• Exercise instructions:
Search the listing for the word "just" and copy every line where it turns up.

• Task material:

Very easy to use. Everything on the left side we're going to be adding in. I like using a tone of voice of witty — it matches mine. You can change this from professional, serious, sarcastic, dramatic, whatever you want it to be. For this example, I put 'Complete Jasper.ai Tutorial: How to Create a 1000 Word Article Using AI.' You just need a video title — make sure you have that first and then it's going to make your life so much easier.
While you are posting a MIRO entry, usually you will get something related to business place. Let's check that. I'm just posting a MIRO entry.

---

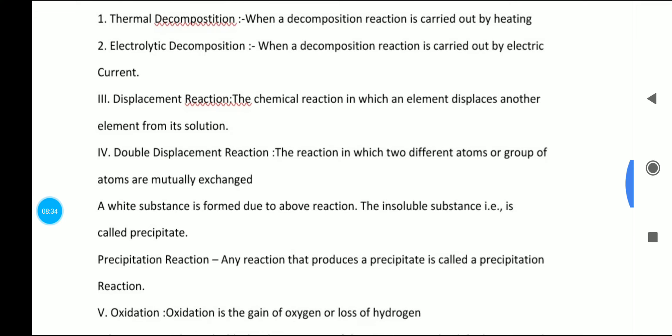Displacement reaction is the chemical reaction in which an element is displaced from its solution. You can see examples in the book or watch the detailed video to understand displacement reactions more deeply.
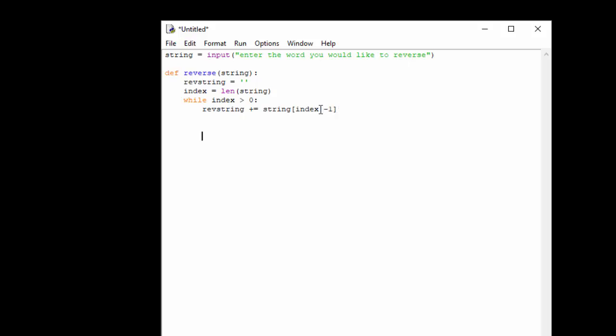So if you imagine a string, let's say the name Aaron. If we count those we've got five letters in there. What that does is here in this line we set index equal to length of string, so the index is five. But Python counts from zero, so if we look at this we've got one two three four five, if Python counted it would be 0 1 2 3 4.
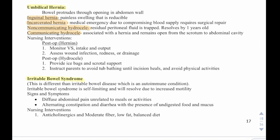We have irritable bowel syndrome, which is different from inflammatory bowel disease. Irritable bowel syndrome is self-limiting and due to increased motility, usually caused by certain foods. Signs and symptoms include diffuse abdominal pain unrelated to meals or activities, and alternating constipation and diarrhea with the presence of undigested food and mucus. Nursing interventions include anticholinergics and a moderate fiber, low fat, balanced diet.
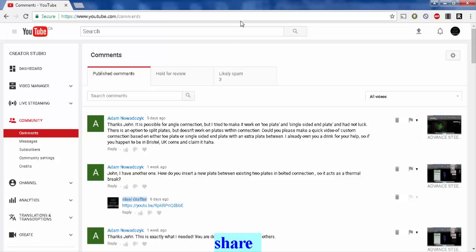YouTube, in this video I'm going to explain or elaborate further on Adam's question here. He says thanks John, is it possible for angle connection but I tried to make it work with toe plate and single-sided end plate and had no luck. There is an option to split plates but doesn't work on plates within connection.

• Exercise output:
Very easy to use. Everything on the left side we're going to be adding in. I like using a tone of voice of witty — it matches mine. You can change this from professional, serious, sarcastic, dramatic, whatever you want it to be. For this example, I put 'Complete Jasper.ai Tutorial: How to Create a 1000 Word Article Using AI.' You just need a video title — make sure you have that first and then it's going to make your life so much easier.
While you are posting a MIRO entry, usually you will get something related to business place. Let's check that. I'm just posting a MIRO entry.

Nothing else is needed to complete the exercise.